# Lab 6 - Cache

CSED 311 Computer Architecture Lab
Junkyeong Choi
2020.05.26

adwwsd@postech.ac.kr, csed311-ta@postech.ac.kr



#### Objectives

Understand how cache works

- Implement a set-associative cache on your pipelined CPU
- Evaluate the speed-up achieved by using cache
  - Hit ratio
  - Corresponding speed-up (vs. no-cache CPU)



#### Cache

- Mitigating the gap between CPU and memory
  - Memory access: few hundred cycles
  - Cache access: few cycles
- Why does it work?
  - Locality!





#### Cache: internal structure

- Tag
  - Detect address conflicts
- Data
  - Fetch by line: exploiting spatial locality





## Cache: associativity

- Associativity
  - Reducing address conflicts
- Direct mapped, n-way, fully associative
  - Tradeoffs exist





#### Cache: other design choices

- Replacement policy
  - Random, LRU, FIFO, ...,
  - Each one has strengths & drawbacks
- Write policy
  - Write-through, writeback, write-no-allocate
  - Related to coherency management



## Lab Assignment 06 (1/5)

- Design and implement your own cache with the following requirements:
  - 2-way set associative, single-level cache
  - Capacity: 32 words / Line size: 4 words
  - If hit, return data in the following cycle
  - It should be a part of CPU (not TB)
- You have to choose the following design choices:
  - Replacement policy, write policy
  - Unified or separate I/D cache



## Lab Assignment 06 (2/5)

- You may implement direct mapped cache with reduced score of 80%
  - Direct-mapped, single-level cache
  - Capacity: 16 words / Line size: 4 words
  - If hit, return data in the following cycle
  - It should be a part of CPU (not TB)



## Lab Assignment 06 (3/5)

- Memory access latency Previous pipelined CPU
  - One memory access fetches one word with one cycle
- New memory access latency
  - You're required to modify memory.v
  - Cache hit takes one cycle
  - One memory access should fetch four words into cache (= one cache line) and take six cycles
  - For your baseline CPU (CPU without cache), one memory access should fetch one word and take two cycles
  - Then, you need to implement two different memory models
    - ✓ Memory for CPU with cache: return four words in six cycles
    - ✓ Memory for CPU without cache: return one word in two cycles



## Lab Assignment 06 (4/5)

- Memory requirements
  - You can use either a 2-port RAM or a single-port RAM
  - Latencies of RAM
    - ✓ Should be serialized

| Single port | REQ 0 | BUSY | BUSY | BUSY | BUSY | BUSY | BUSY | REQ 1 | BUSY |      |
|-------------|-------|------|------|------|------|------|------|-------|------|------|
|             |       |      |      |      |      |      |      |       |      |      |
|             |       |      |      |      |      |      |      |       |      |      |
| Dual port   | REQ 0 | BUSY | BUSY | BUSY | BUSY | BUSY | BUSY | REQ 2 | BUSY |      |
|             | BUSY  | BUSY | REQ1 | BUSY | BUSY | BUSY | BUSY | BUSY  | BUSY | REQ3 |

⇒ Different ports can handle independent requests!

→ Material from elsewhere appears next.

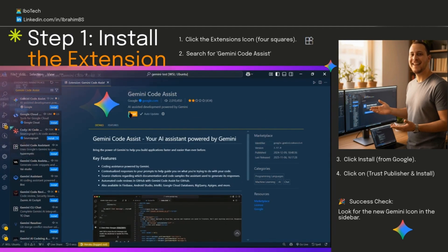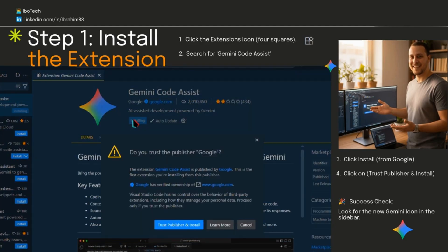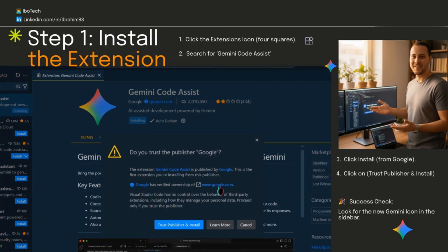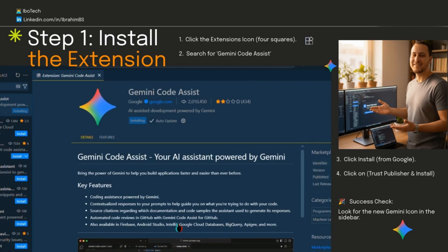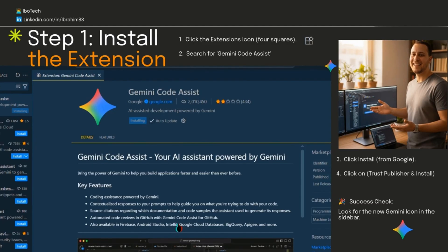Click install, then click trust publisher and install. Give it a second, maybe restart VS Code if it asks you to. All good? Look for the new Google Gemini icon in your sidebar. It looks like a star icon. That's your AI ready to chat with.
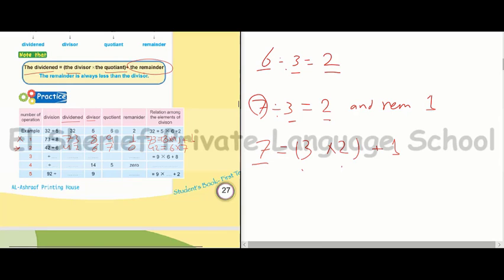Now we are given the relation: 9 times 6 plus 8. 9 times 6 equals 54, plus 8 equals 62. So the dividend equals 62. Therefore, the division is: dividend 62, divisor 9, quotient 6, and remainder 8.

## Lab Assignment 06 (5/5)

- For the report, the following contents should be included
  - Describe your design choice
  - Calculate the hit (or miss) ratio
    - ✓ Hit ratio = (# of hits) / (# of memory accesses)
  - Compare the performance
    - ✓ CPU without cache vs. CPU with cache
    - ✓ You should use the new latencies!



#### Announcement

 We're not giving you a skeleton code from this lab. You should implement cache on your previous implementation of pipelined CPU.

You cannot begin this assignment unless you are done with previous one!